[Provided records Boundary: Start]

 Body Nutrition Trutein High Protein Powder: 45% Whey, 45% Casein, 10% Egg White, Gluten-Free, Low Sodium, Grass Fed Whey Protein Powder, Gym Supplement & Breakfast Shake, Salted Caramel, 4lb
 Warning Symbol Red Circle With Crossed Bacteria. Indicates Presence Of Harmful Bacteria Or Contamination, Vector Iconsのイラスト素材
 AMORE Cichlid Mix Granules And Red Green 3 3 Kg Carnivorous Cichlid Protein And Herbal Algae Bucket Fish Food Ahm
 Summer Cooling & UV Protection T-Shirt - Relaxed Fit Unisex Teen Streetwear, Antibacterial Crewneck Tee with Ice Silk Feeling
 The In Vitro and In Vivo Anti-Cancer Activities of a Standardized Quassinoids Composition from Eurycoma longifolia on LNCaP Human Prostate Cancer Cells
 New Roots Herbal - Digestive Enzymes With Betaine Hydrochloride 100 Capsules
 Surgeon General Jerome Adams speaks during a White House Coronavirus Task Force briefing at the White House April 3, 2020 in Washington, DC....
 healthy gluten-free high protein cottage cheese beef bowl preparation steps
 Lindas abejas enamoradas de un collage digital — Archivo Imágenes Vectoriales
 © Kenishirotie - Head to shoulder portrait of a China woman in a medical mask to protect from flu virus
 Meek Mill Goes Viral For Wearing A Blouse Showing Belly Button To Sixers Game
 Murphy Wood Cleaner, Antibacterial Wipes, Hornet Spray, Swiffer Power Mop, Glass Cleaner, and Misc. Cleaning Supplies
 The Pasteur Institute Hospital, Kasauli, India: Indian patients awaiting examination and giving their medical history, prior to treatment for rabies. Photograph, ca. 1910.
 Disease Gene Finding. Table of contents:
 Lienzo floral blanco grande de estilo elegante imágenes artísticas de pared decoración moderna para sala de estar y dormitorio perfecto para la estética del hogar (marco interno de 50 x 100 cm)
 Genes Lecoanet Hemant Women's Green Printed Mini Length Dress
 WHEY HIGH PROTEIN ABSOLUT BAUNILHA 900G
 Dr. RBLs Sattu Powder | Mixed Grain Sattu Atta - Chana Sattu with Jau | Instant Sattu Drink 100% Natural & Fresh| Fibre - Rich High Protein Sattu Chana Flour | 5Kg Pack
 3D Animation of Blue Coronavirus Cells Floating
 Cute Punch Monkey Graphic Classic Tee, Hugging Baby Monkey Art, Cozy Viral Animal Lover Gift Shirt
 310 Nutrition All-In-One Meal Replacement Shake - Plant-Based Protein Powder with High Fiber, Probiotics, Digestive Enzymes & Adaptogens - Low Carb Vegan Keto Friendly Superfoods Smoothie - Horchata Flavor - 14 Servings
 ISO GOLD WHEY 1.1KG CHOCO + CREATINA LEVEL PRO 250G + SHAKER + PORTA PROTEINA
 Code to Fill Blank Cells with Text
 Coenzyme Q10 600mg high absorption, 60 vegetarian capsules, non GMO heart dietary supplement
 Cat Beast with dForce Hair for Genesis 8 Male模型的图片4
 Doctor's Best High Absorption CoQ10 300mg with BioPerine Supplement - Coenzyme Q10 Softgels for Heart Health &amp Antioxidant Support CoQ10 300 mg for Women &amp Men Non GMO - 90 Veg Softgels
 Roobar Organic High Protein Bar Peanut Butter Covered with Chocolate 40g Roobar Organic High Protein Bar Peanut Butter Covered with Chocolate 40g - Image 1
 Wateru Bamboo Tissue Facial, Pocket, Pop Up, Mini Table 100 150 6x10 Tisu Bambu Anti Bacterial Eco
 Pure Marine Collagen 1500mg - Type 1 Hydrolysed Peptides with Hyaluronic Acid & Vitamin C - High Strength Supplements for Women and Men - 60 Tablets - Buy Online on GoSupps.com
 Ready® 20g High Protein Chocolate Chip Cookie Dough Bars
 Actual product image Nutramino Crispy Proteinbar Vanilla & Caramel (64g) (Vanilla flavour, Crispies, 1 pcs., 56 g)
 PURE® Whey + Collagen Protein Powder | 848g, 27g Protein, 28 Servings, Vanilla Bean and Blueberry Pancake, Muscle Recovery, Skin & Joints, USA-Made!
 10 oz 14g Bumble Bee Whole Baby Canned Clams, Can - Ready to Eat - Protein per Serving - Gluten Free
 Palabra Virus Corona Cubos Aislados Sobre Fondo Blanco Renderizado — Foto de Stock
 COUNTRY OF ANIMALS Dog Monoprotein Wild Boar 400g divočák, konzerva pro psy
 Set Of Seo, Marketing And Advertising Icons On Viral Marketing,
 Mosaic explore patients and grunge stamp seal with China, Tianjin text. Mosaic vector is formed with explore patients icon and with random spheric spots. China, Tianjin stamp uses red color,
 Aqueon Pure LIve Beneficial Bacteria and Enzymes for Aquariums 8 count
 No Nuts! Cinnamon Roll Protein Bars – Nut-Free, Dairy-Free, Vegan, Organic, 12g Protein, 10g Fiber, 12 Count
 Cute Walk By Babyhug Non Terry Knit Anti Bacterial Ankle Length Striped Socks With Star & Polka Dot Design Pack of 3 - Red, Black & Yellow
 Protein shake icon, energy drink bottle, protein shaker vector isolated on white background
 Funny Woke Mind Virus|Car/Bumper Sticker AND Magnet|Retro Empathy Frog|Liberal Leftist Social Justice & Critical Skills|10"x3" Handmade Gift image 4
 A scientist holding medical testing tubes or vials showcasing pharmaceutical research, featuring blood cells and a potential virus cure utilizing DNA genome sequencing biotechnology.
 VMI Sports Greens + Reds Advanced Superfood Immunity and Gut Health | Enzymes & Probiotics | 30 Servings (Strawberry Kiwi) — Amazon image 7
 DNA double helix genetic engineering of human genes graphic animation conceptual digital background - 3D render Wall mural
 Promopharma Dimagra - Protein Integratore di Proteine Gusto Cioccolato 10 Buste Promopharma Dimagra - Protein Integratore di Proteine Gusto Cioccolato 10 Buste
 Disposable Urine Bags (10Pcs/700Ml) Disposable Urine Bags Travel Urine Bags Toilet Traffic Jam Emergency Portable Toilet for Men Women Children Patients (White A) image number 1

[Provided records Boundary: End]

Required action ->
Bring together every line in the entries that holds the string "Coronavirus".

Output of the exercise ->
 Surgeon General Jerome Adams speaks during a White House Coronavirus Task Force briefing at the White House April 3, 2020 in Washington, DC....
 3D Animation of Blue Coronavirus Cells Floating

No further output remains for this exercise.